--- START ---
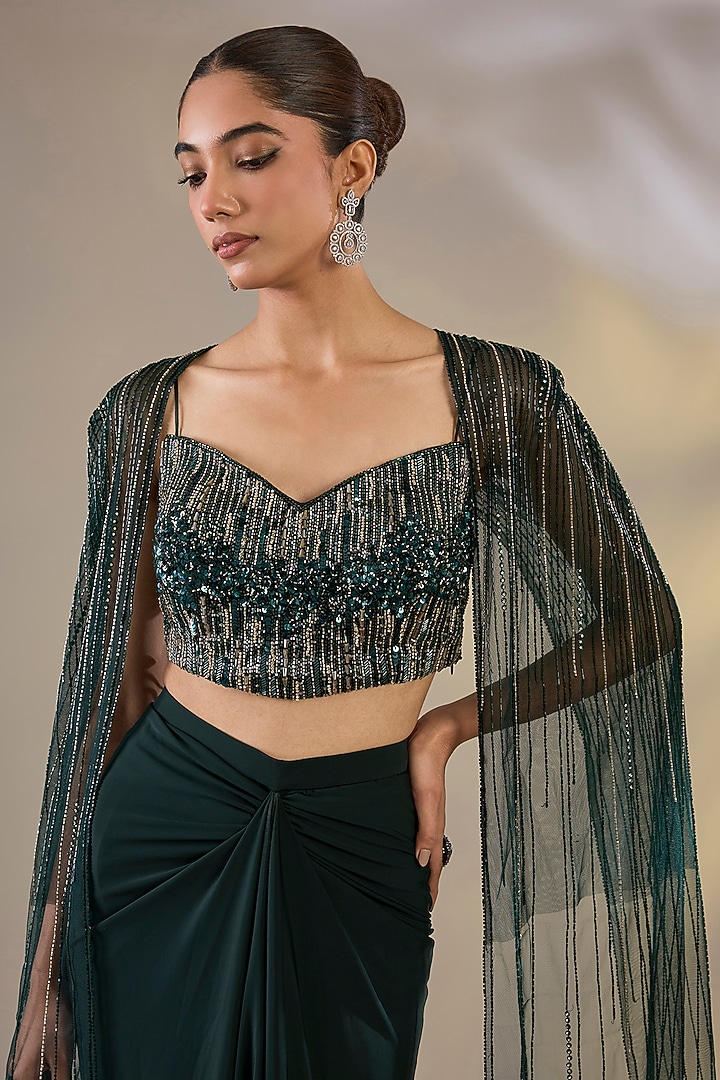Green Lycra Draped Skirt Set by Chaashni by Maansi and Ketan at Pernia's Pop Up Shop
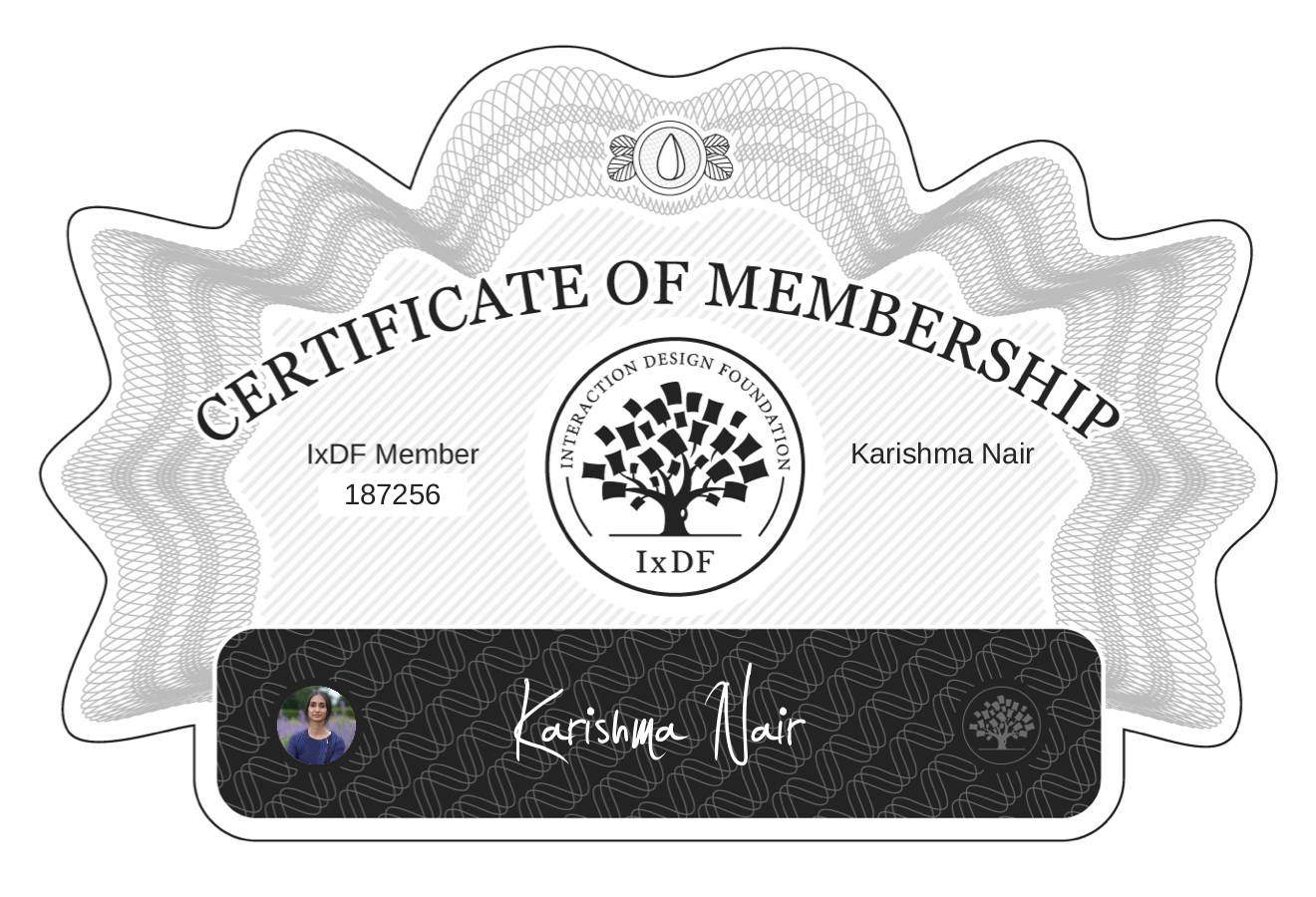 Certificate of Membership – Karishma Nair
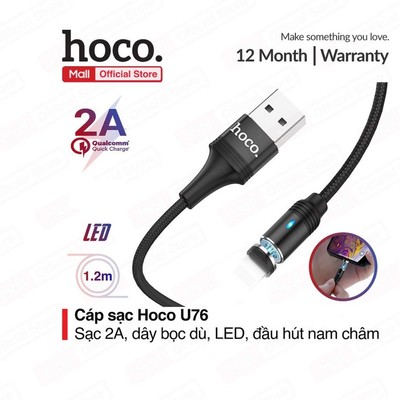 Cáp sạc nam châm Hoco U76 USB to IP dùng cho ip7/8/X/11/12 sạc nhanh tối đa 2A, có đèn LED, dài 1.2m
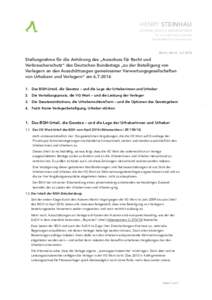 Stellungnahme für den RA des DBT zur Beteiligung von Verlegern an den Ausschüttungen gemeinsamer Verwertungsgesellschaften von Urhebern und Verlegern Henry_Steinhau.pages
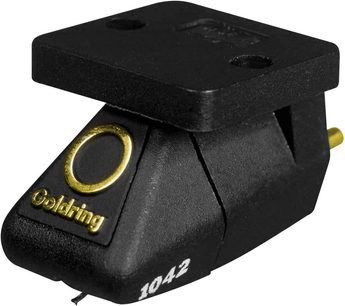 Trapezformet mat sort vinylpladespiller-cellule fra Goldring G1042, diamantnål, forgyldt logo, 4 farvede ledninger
--- END ---
--- START ---
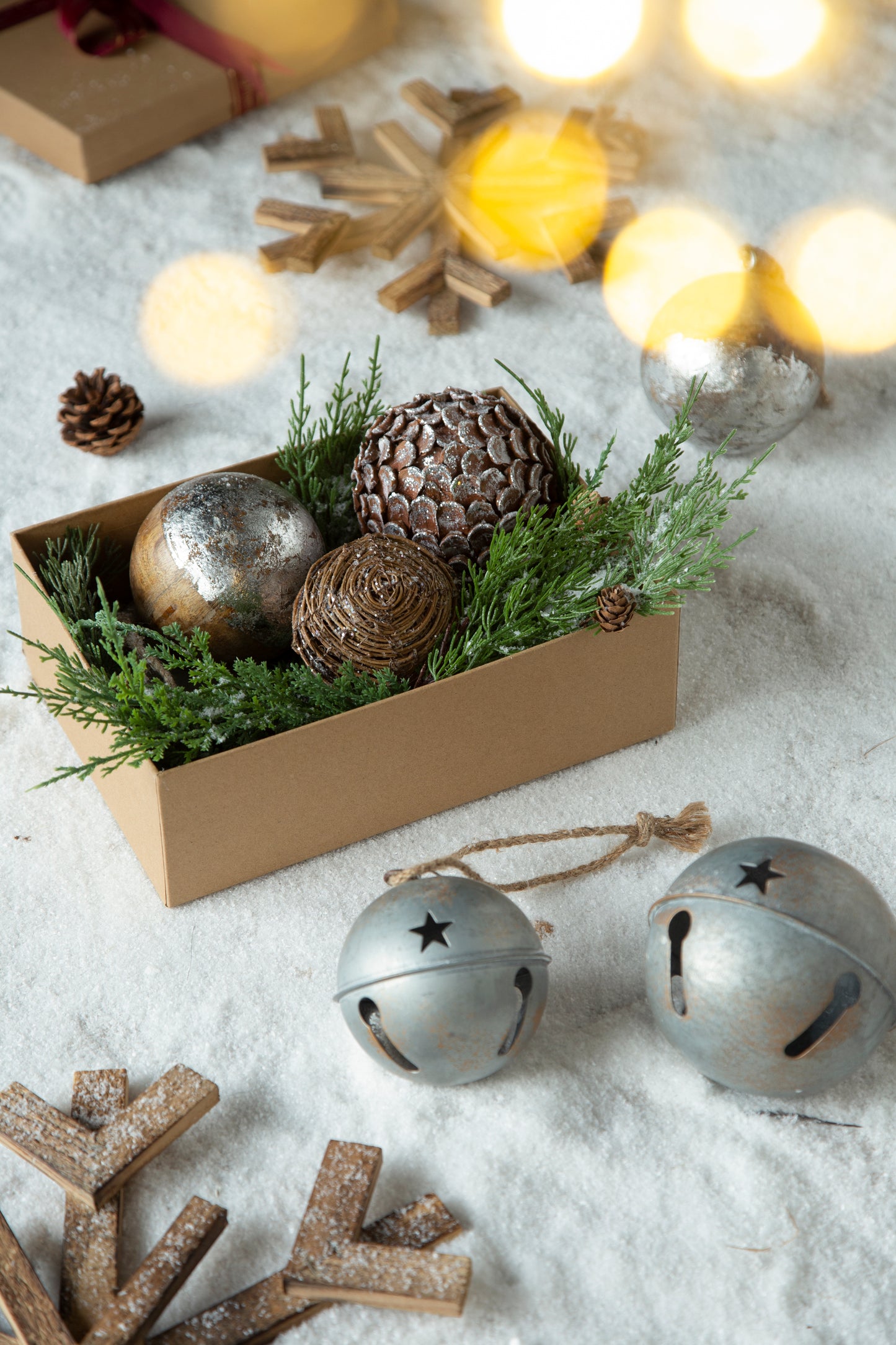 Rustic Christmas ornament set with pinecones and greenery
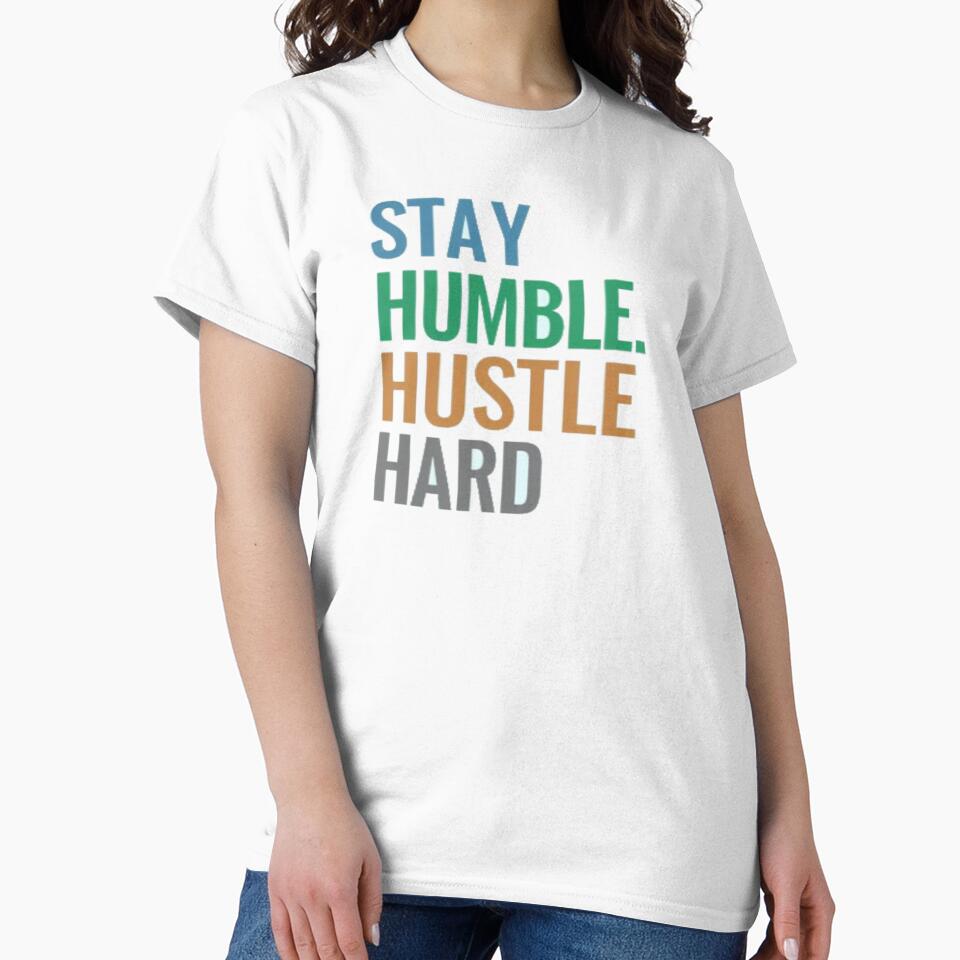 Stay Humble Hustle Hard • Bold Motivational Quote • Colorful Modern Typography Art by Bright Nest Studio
--- END ---
### [What is expected]
To complete this exercise, transcribe exactly the lines above from the one that holds "Stellungnahme für den" through the one that holds "Trapezformet mat sort". Pictures stay out.

### [Reply]
 Stellungnahme für den RA des DBT zur Beteiligung von Verlegern an den Ausschüttungen gemeinsamer Verwertungsgesellschaften von Urhebern und Verlegern Henry_Steinhau.pages
 Trapezformet mat sort vinylpladespiller-cellule fra Goldring G1042, diamantnål, forgyldt logo, 4 farvede ledninger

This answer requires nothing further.